Eat Like It's Race Day

Like many runners my nutrition is slightly different right before a race then on normal days. For both my 10k and 5k time trial, I ate a few extra calories (in the form of carbs) the day before I planned to run. I am an early morning runner and usually I just have coffee before running. On the morning of a time trial, I change this up and I have a little breakfast before. I like having some instant oatmeal with 1 scoop of chocolate Generation UCAN, and some almond milk. I also take a Vespa Junior about 30 minutes before I am plan to start my run. If I feel like I need it, I may take a Honey Stinger gel right before the time trail. This also means I have to get up a little extra early to let my food settle. I use the extra time to foam roll and do some activation exercises.





Dress Like It's Race Day

Putting on the same type of outfit and shoes that you normally wear on race day will put you in the right frame of mind to run fast. I don't wear a "race kit," I like to wear shorts and a light weight tank, but if that's what you normally race in, that is what you should wear. I also don't have any carbon fiber or special foam racing shoes (yet), but if you have racing flats or "special" racing shoes, this is a perfect time to practice running in them before a real race.


Set a Firm Goal

The first time trial I ever did, I did not set a specific time goal beforehand, I simply thought, "I will run as fast as I can." Well as soon as the run got hard, I quit trying hard. Since then, I have had a clear time goal that I want to achieve going into every time trial. I think of the clock as an opponent running next to me. If that watch starts to beat me, I push harder, even if it hurts. If you want to reach a goal, you may have to hurt a little, but it is only temporary.

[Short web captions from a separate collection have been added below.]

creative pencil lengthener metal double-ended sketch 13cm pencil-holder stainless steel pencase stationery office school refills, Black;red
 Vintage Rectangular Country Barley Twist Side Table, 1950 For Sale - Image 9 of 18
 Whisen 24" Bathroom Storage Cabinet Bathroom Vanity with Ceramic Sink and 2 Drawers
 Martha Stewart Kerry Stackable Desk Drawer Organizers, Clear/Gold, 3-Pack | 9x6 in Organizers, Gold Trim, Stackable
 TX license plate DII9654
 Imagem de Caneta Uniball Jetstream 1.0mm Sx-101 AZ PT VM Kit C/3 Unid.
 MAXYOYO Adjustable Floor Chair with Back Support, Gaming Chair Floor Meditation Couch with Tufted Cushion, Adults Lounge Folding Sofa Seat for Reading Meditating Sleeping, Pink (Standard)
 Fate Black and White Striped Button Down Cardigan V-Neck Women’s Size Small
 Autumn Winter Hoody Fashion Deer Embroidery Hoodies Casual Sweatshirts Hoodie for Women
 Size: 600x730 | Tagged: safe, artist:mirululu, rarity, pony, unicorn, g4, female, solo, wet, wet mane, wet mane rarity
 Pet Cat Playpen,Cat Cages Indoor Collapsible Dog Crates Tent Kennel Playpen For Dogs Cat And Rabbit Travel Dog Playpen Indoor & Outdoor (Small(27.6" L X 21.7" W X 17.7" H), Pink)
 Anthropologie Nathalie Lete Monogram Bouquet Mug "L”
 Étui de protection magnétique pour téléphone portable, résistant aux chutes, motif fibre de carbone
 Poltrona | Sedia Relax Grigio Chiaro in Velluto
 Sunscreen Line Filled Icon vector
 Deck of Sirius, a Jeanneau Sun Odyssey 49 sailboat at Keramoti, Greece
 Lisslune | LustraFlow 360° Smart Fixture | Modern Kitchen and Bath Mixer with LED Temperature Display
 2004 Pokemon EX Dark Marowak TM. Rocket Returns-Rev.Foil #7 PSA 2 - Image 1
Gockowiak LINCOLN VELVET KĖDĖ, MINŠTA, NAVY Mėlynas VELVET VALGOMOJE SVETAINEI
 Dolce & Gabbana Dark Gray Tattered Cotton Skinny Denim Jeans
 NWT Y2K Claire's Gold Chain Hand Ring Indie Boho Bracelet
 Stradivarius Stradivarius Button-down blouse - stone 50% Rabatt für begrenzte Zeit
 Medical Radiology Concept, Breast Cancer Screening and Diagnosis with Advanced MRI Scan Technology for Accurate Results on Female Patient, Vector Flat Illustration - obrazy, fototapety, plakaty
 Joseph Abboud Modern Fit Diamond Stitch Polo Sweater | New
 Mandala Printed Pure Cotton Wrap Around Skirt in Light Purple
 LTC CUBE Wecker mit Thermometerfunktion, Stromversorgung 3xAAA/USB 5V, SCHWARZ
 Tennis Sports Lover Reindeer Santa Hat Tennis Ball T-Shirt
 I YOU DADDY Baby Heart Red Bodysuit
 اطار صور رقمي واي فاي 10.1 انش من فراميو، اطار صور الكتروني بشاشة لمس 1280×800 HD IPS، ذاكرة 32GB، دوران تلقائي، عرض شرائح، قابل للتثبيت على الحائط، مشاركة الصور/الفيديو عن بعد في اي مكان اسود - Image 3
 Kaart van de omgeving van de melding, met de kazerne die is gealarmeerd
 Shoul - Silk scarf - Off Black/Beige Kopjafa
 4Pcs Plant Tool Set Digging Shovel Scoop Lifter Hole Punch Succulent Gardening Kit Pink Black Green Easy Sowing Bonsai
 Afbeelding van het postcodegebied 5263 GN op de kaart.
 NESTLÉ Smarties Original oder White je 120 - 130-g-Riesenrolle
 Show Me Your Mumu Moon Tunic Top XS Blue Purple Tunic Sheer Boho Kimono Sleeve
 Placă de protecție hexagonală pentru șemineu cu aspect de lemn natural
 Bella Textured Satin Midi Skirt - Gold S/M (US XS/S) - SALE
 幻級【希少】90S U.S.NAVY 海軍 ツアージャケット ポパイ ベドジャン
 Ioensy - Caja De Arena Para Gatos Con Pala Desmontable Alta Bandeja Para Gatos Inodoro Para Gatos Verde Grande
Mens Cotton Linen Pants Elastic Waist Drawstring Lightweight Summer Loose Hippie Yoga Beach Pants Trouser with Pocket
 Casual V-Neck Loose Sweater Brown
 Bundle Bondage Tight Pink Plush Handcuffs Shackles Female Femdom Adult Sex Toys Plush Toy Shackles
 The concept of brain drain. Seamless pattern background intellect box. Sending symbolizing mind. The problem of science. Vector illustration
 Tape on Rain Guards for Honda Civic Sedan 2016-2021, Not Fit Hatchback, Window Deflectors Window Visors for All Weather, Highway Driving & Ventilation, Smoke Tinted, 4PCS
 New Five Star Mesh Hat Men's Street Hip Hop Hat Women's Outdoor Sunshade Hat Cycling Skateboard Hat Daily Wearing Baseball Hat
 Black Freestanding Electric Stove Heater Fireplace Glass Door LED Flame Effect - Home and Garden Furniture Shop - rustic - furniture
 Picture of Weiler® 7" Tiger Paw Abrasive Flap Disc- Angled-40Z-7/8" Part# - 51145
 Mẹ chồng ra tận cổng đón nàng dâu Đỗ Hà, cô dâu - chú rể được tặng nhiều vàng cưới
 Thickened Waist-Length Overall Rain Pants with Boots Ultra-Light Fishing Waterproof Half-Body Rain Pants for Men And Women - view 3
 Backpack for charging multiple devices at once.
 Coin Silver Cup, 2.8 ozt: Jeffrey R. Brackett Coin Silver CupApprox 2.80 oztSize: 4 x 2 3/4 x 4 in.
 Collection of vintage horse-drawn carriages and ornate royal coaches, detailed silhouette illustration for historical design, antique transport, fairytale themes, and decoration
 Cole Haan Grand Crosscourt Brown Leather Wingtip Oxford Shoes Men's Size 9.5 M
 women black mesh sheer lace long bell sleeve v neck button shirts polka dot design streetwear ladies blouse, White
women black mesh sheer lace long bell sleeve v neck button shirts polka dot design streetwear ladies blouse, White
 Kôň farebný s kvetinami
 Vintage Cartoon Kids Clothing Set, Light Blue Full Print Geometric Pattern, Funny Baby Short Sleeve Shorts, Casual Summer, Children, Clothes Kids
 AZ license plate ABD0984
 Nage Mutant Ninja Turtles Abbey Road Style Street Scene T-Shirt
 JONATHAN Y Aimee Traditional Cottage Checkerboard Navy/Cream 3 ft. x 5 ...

Virtual races make goal setting even easier. You can set a time goal, but you could also set a goal like ranking in the top 10% of your age group or win your age group! Don't limit yourself.


Warm Up

It took me a long time to "believe" a warm up helped you perform better. I think because not so long ago running felt really hard to me, I never wanted to run more miles then I "had to." Or maybe I was trying to "conserve my energy." I now know, doing a nice slow warm up will get your muscles loose, warm, and ready to run fast. Don't skip it!


Have a Pump Up Jam

Finally, I love to listen to a good pump up jam while I am warming up. In the music department, I am a super, lame mom at the moment, so you don't even want my playlist, it's a decade old. It does get ME pumped up though, so listen to whatever gets you in the mood to run fast.


Reflect

After your time trial take the opportunity to look back and consider what went well and what you would like to improve on in the future or in a real race. Did your route work well or should you try a different location? I take a mental note about my nutrition. Did I feel hungry, too full, or just right? How did my pacing feel? Did I go out too fast or too slow? Did I warm up enough or did I still feel a little tight when I started? All this information will help you execute your next race to your full potential.


Do you have any tips for running a fast time trial or virtual race? What is your favorite pump up jam?